_Problem description_
Your answer must hold only the lines below from the line containing "Find out how" through the line containing "CHINA 2023 Suzhou", each reproduced exactly.

_Source material_
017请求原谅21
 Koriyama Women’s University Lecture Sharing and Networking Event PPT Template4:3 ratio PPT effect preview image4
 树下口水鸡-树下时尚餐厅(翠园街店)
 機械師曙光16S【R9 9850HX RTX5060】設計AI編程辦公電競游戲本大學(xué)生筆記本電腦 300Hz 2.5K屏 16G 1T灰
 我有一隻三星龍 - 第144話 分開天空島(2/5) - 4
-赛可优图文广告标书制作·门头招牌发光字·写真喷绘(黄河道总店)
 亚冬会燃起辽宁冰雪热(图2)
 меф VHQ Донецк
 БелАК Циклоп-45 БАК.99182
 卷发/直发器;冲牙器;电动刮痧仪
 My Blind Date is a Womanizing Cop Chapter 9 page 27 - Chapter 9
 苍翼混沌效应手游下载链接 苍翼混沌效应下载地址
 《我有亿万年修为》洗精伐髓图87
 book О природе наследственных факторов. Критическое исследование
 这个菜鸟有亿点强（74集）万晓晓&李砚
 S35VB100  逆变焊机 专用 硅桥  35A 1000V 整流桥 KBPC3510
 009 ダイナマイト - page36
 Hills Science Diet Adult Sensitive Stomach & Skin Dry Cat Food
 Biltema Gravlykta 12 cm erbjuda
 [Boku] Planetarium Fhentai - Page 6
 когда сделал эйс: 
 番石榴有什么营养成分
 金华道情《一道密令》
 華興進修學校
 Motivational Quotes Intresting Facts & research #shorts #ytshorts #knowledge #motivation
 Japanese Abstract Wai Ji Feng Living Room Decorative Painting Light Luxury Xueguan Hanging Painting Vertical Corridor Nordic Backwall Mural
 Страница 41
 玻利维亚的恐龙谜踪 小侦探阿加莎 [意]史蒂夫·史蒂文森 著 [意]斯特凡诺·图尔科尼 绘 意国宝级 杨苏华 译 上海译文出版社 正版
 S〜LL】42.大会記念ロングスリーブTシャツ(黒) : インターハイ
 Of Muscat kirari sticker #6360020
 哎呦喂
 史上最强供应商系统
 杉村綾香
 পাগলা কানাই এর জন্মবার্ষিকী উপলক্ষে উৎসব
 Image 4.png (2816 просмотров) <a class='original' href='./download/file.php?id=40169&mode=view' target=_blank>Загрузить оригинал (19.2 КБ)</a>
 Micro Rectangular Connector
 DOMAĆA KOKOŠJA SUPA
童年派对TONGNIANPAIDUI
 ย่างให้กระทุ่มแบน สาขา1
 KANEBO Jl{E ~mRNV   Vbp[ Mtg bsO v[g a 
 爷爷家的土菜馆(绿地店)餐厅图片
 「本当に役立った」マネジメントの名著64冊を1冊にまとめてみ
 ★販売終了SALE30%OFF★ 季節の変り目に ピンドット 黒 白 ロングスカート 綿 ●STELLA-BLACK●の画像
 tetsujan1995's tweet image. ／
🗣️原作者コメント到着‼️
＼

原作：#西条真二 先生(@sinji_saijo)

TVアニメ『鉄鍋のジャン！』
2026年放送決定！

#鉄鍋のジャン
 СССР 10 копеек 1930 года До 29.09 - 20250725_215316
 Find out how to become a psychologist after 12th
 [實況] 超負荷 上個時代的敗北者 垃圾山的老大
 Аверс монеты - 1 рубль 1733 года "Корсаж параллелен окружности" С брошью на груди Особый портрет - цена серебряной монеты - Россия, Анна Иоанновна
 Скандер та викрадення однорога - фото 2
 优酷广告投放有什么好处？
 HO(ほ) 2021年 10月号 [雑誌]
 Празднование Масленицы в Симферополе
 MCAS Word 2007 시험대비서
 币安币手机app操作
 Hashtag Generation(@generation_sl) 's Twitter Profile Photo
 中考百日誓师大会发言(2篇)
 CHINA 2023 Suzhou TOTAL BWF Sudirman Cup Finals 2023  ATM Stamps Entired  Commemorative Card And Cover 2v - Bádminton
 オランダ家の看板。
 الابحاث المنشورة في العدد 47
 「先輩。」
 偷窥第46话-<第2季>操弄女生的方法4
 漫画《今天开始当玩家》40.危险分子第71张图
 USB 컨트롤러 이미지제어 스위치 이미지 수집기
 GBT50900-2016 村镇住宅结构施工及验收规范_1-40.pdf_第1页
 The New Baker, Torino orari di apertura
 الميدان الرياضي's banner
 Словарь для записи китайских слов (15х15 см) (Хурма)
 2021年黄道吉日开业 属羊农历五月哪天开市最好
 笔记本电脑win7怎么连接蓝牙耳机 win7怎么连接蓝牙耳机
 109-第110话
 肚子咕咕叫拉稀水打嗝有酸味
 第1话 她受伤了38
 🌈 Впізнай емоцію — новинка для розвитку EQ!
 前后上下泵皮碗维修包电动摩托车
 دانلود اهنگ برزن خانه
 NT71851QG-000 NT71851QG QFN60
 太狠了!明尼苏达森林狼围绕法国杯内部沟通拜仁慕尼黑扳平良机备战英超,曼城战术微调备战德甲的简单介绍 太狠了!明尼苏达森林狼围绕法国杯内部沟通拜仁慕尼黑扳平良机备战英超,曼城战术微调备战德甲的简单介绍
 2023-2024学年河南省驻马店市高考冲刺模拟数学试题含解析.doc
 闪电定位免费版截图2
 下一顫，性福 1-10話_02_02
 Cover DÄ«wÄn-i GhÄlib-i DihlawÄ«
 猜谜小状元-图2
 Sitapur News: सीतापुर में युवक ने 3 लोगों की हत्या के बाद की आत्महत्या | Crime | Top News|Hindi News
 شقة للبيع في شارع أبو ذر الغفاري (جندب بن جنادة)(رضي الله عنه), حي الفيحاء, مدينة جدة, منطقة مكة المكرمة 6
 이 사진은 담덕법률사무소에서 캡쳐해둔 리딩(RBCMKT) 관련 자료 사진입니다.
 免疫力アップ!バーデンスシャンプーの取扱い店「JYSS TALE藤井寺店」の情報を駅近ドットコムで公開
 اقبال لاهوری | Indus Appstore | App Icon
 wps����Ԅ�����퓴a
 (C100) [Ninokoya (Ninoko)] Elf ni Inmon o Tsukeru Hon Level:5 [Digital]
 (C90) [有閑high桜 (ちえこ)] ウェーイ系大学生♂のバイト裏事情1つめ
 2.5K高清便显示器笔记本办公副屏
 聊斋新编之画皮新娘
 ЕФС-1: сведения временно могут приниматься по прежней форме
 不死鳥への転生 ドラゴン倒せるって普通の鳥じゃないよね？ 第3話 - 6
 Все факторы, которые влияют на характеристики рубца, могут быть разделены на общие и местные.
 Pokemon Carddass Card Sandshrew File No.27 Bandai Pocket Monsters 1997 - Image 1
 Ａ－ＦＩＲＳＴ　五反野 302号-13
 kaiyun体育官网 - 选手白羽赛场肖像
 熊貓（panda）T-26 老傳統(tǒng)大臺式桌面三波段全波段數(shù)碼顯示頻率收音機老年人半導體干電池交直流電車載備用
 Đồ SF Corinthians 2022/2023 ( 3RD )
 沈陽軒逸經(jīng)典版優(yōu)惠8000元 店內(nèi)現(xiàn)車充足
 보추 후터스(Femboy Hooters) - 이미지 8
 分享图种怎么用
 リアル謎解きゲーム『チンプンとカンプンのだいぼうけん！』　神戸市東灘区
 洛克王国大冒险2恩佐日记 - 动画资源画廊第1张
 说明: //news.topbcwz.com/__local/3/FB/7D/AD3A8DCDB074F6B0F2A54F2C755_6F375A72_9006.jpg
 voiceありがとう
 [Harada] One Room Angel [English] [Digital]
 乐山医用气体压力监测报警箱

_Response box_
 Find out how to become a psychologist after 12th
 [實況] 超負荷 上個時代的敗北者 垃圾山的老大
 Аверс монеты - 1 рубль 1733 года "Корсаж параллелен окружности" С брошью на груди Особый портрет - цена серебряной монеты - Россия, Анна Иоанновна
 Скандер та викрадення однорога - фото 2
 优酷广告投放有什么好处？
 HO(ほ) 2021年 10月号 [雑誌]
 Празднование Масленицы в Симферополе
 MCAS Word 2007 시험대비서
 币安币手机app操作
 Hashtag Generation(@generation_sl) 's Twitter Profile Photo
 中考百日誓师大会发言(2篇)
 CHINA 2023 Suzhou TOTAL BWF Sudirman Cup Finals 2023  ATM Stamps Entired  Commemorative Card And Cover 2v - Bádminton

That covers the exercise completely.